Bon, au niveau de la réalisation, enfin surtout du montage, cela pêche un peu. Le film a été tourné dans l'Assemblée Nationale, ce qui est très émouvant. En revanche, au milieu des discours, on trouve de petits inserts un peu cache-misère. Et la musique est incroyablement générique, un peu comme dans ces mauvais jeux PC éducatifs des années 1990.
Le fait qu'avant chaque prise de parole, on ait une petite biographie des personnages ne me dérange pas. C'est un choix pédagogique qui se tient.
En revanche les dix dernières minutes sur la laïcité aujourd'hui sont assez contestables.
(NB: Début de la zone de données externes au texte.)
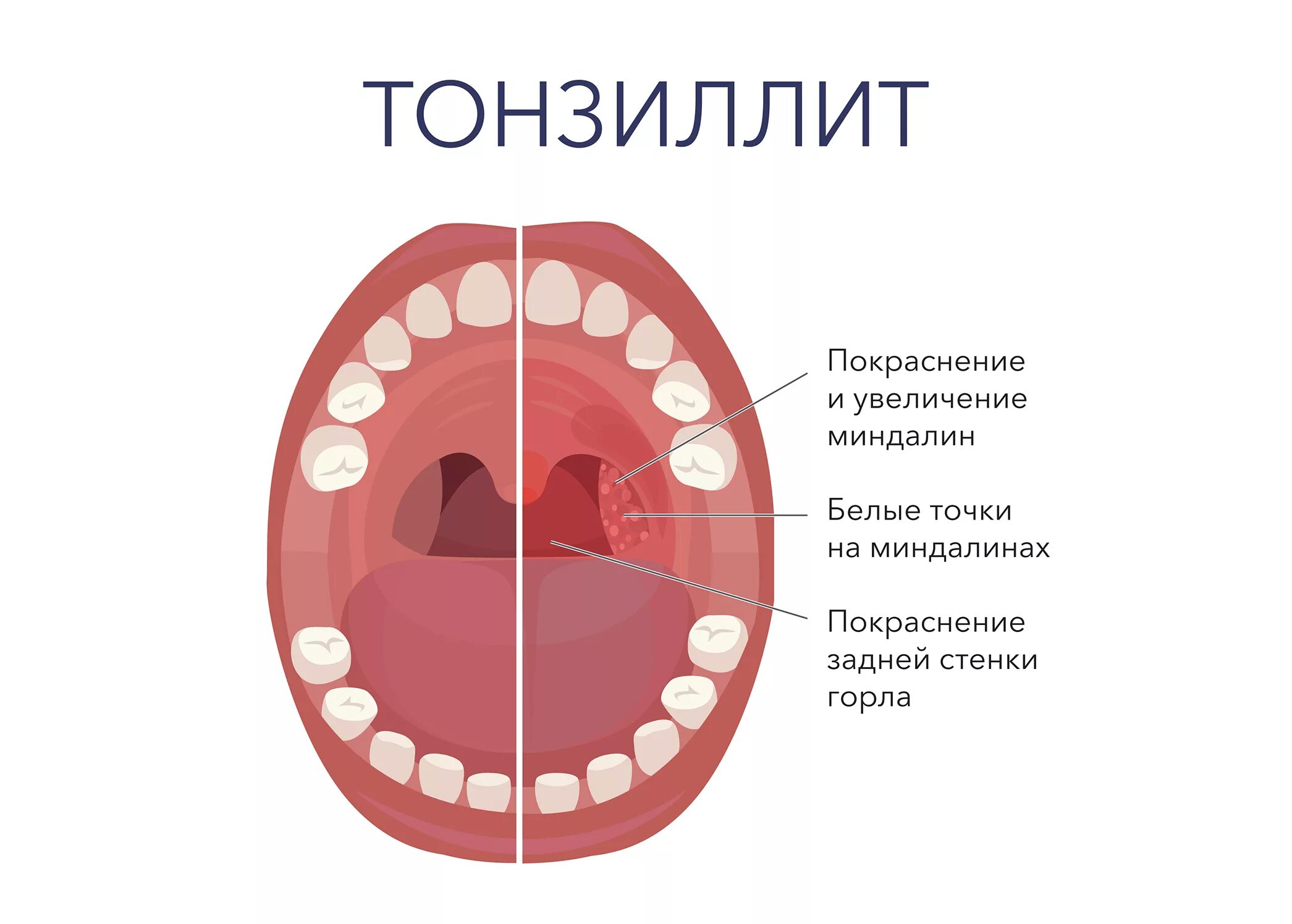 Хронический тонзиллит гнойные пробки. Хронический тонзиллитсимпомы. Воспаление острого хронического тонзиллита. Хронический тонзиллит налет.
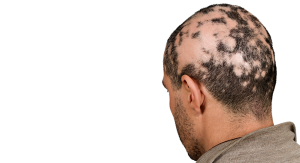زالودرمانی برای درمان آلوپسی و ریزش موی سکه ای ALOPECIA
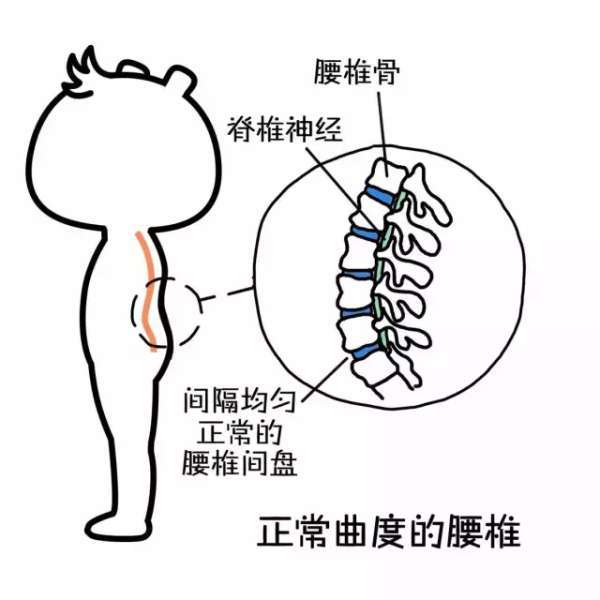 弯腰的姿势会破坏腰椎的生理曲度,让腰椎变直甚至反弓,从而对腰椎间盘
Le texte en lui-même est juste, mais on trouve un montage alternant des images du ciel avec des nuages qui passent et le soleil en lense-flare, et des images de mortification religieuse (équitable, il faut dire : les bas-reliefs chrétiens du Moyen Âge avec l'Enfer, des musulmans ou autre se flagellant jusqu'au sang). Le mélange entre un discours assez lénifiant et des images choquantes a quelque chose de profondément maladroit.
Bon, le film était avant Charlie. On évite donc les polémiques, mais de mon point de vue, il serait bon de montrer que la laïcité n'a rien d'évident. Elle est souvent utilisée pour critiquer toujours la même religion, alors que beaucoup de nos jours fériés restent liés à des fêtes catholiques et que nos chefs d'Etat se déplacent au Vatican. Il serait temps de mettre en place un discours plus équilibré.
J'ai apprécié la reconstitution des débats, le reste est assez maladroit.